Modulo Milan: ecco cosa cambia con l'arrivo di Honda

In un’intervista nel post partita di Celtic-Milan, Adriano Galliani sorridendo ha nicchiato sull’arrivo di Honda al Milan nel prossimo mercato di gennaio ma ormai lo sbarco del giapponese a Milanello è realtà.

Intanto il fantasista del Cska Mosca continua a far parlare di sé per i goal messi a segno. L’ultimo arriva dalla Champions League dove Honda ha trasformato il rigore del momentaneo 1-2 sul Bayern Monaco, partita che poi è stata vinta dai bavaresi.

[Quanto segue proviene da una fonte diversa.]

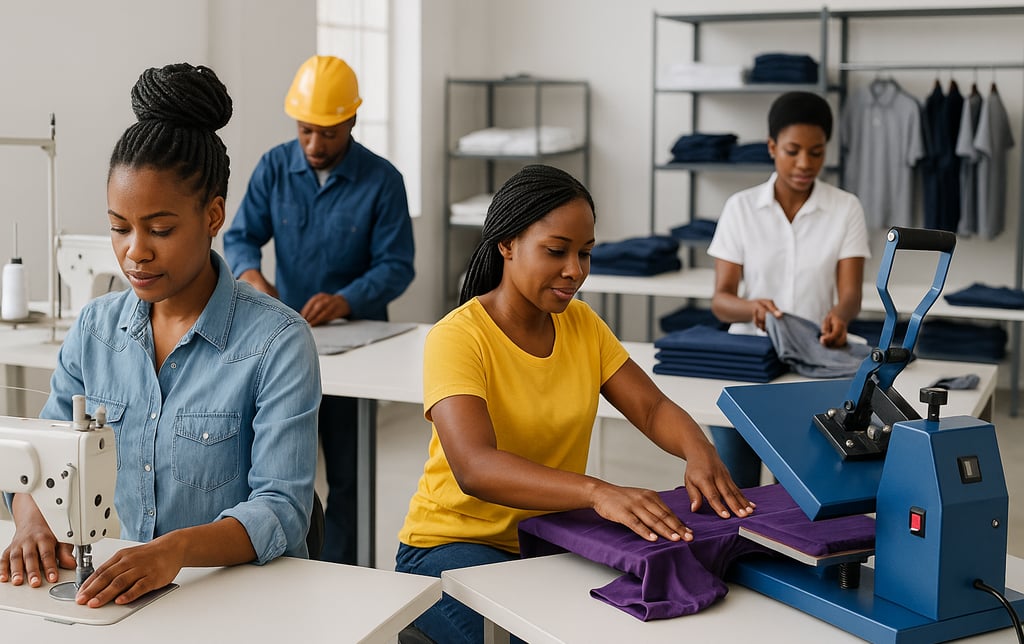 a group of people working on sewing machines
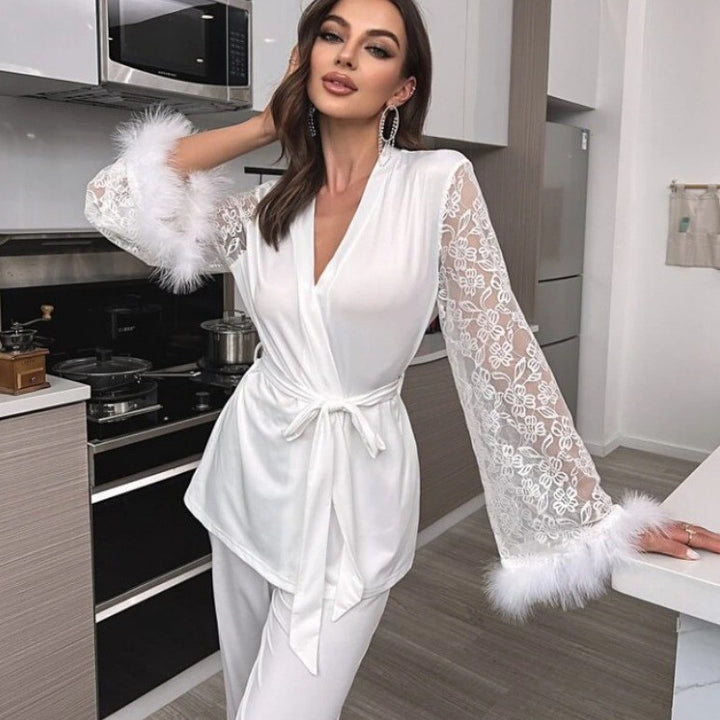 Patchwork lace V-neck trousers/robe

In relazione al suo arrivo, molti si interrogano sulla semirivoluzione del Milan a partire dal 2014 e senza dubbio, con l’arrivo di Honda, Allegri potrà dare più continuità al 4-3-2-1, il tanto amato schema ad albero di Natale schierato in passato da Carlo Ancelotti. Il tecnico livornese, dunque, propenderà per un Milan a trazione anteriore, proponendo la coesistenza di Honda e Kakà dietro a Balotelli come prima punta con eventuale scambio con Alessandro Matri. Il 4-3-2-1 potrebbe portare novità positive in casa rossonera e con l’innesto di Honda potrebbe costituire un attacco di indubbio prestigio.

Esultanza Milan

Con una soluzione di questo tipo e nell’ipotesi di un suo futuro assesto positivo, rimarrebbero inevitabilmente esclusi dai giochi Stephan El Shaarawy e Giampaolo Pazzini, prossimi al rientro. Allegri dovrà essere molto abile nel conciliare tutti gli attaccanti a disposizione in rosa e non è escluso che in virtù del turn over possa propendere per uno sporadico ritorno al 4-3-3, modulo schierato il primo anno con cui si aggiudicò la vittoria del campionato, con un tridente formato da Balotelli, Honda e Kakà. In questo modulo Kakà e Honda sarebbero impiegati in posizioni meno congeniali rispetto ai loro ruoli naturali ma si aprirebbero varchi per l’eventuale inserimento di El Shaarawy ed eventualmente Pazzini.